Hepimizin tek beklentisi var, bu barış süreci. Bu sürecin iyi sonuçlanması lazım ki, yatırımcı gelsin. Bir yatırımcı niyetlense de durum kötüleşince duruyor. Huzur olursa bir yerde sermaye gelir. Huzur yoksa sermaye de gelmez.

-Zor biri misiniz?

Her şey bu andır. Yarın gittiğin zaman ne götüreceksin; bir kefen. Eğer bu dünya hayatı çalışıp üretiyorsan, başkalarına da faydalı olabiliyorsan güzeldir. İşkolik olduğumu söyleyebilirim. Sabah çok erken saatlerde gelirim. Her işimin başında dururum. Çalışmakla dünya güzelliğine güzellik katarsınız. Biz neye el atmışsak pişman olmadık. Çok şükür başardık. Personellerimizi daha çok bölge insanından seçiyoruz. Yurtdışındaki işyerlerimizde de aynı şekilde…

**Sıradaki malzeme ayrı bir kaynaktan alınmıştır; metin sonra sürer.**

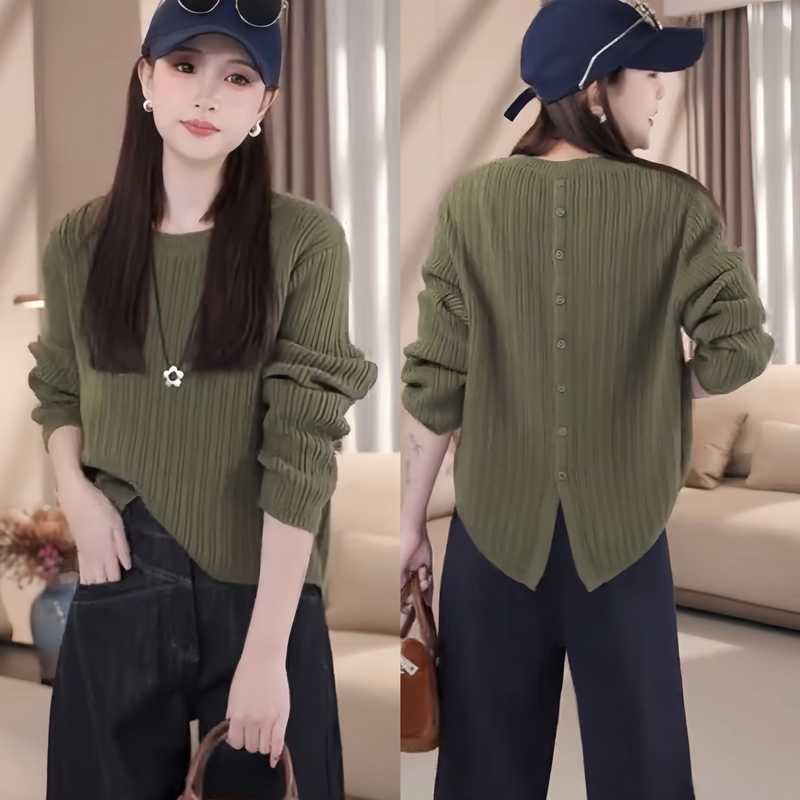 清仓特卖 后背开叉设计感针织毛衣女秋冬新款时尚设百搭套头上衣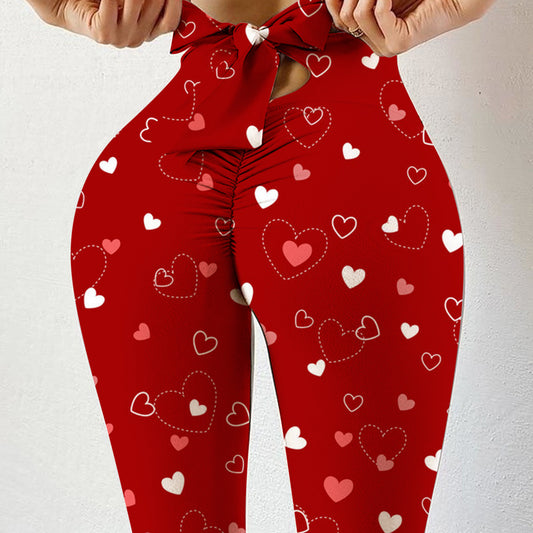 Printed Wrinkled Butterfly Peach Heart Print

-Nasıroğlu Vakfı kaç senedir devam ediyor?

Biz zekâtlarımızı vakıfta değerlendiriyoruz. Önceleri yazıhanede yoksullara dağıtıyorduk. Olmuyordu. Bazıları birkaç kez alıyordu. Bazılarını kırıyorduk. İşin ehli olmayanlar gelip para alıyordu. Sıkıntı veriyordu. Bazen mahallere gidip gıda dağıtırdık. O da olmadı. Dedik ne yapalım. İyisi mi bu üniversite talebelerine burs verelim diye düşündük ve 100 kişiyle başladık. Zamanla bunu artırıp 1500’e çıkardı. Yaklaşık 13 yıldır Nasıroğlu vakfı öğrencilere burs vermeye devam ediyor. Av. Sabih Ataç’la devamlı istişarelerde bulunuyoruz. Güzel fikirler veriyor. Batman da gıda bankası var ve buradan 600 hane faydalanıyor. Herkesin bir kartı var. Kartıyla oradan ihtiyacını alıp eve gidiyor. Yardımı kimin ettiğini de bilmiyor. Böylesi daha iyi. Yardımlar da amacına ulaşmış oluyor. İleride imkânlar olursa onların ailesinden bir iki kişiyi de çalıştırabiliriz. Gıda bankası daha mantıklı geliyor bana.